A crise ecológica é crise antropológica: o desenvolvimento da mente é o antídoto contra a estupidez e a indigência cognitiva predominantes nas sociedades capitalistas tardias. Bloch fornece uma nova noção de cidadania do mundo e da terra, a qual implica uma revolução silenciosa contra os poderes estabelecidos. Uma forma radical deste marxismo ascético seria a recusa de viver nas grandes cidades e recolher-se ou refugiar-se em pequenas aldeia ecológicas, tendo por objectivo o exercício diário do aperfeiçoamento do espírito em "conformidade com a natureza", de modo a retomar o velho ideal da "vida justa" dos gregos: a sabedoria. A noção de "fortaleza da alma" de Marco Aurélio reconduz à noção de "fortaleza vazia" de Bruno Bettelheim: o "autismo" encarado aqui como "alheamento do mundo". Tal como sucedia nos campos de concentração nazis, embora de modo não voluntário, os homens consumidores de hoje são seres "sem-abrigo" ou "sem lar": a sua fortaleza interior está completamente vazia e apátrida, como dizia Heidegger pensando talvez em Rilke.
Leitura recomendada: A minha amiga Denise esta a escrever uma série de posts sobre literatura infantil. É a resposta a um desafio que lhe tinha colocado e, neste post, destaca a importância da oralidade para a formação das crianças.
J Francisco Saraiva de Sousa

4 comentários:

J Francisco Saraiva de Sousa disse...

Com este post, pretendi recuperar a obra de Engels do esquecimento e dar-lhe vida nova. É evidente que o conceito marxista de natureza é muito complexo, mas a utopia da pátria da identidade está presente desde cedo no marxismo, como comprovam as citações em epigrafe.
Para todos os efeitos, Engels associa mecanicismo à ideologia burguesa e ao capitalismo, e parece exigir uma nova visão e relação com a natureza: a natureza viva como pátria do homem. Haverá quem critique o antropocentrismo, mas não há maneira de lhe escapar e, mesmo que houvesse, ninguém lucraria com tal perspectiva.

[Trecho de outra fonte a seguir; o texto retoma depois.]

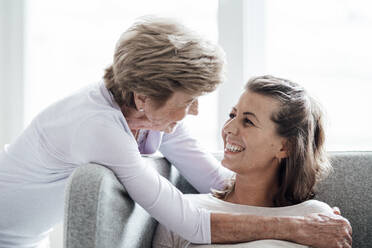 Caring grandmother looking at granddaughter while embracing at sofa - GUSF05540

J Francisco Saraiva de Sousa disse...

O capitalismo não explora somente o homem; explora também a natureza e apropria-se da natureza de modo a privar a maioria dos homems da sua pátria natural: externa e interna. A natureza é propriedade dos capitalistas. Daí a miséria humana... Apropria-se da natureza para se apropriar da força de trabalho humana: capitalismo é destruição total!

Denise disse...

O Francico é imparável!
Umas linhas apenas para lhe dizer que o acompanho na leitura atenta dos seus posts mas que não consigo, neste momento, ter um tempinho para comentar...
E, ainda, agradecer a recomendação de leitura.

Um abraço e boa noite!

J Francisco Saraiva de Sousa disse...

Denise

Comente apenas se o quiser fazer; se não lhe apetecer, não comente.
Já estou a preparar a iniciação geral da estética da recepção.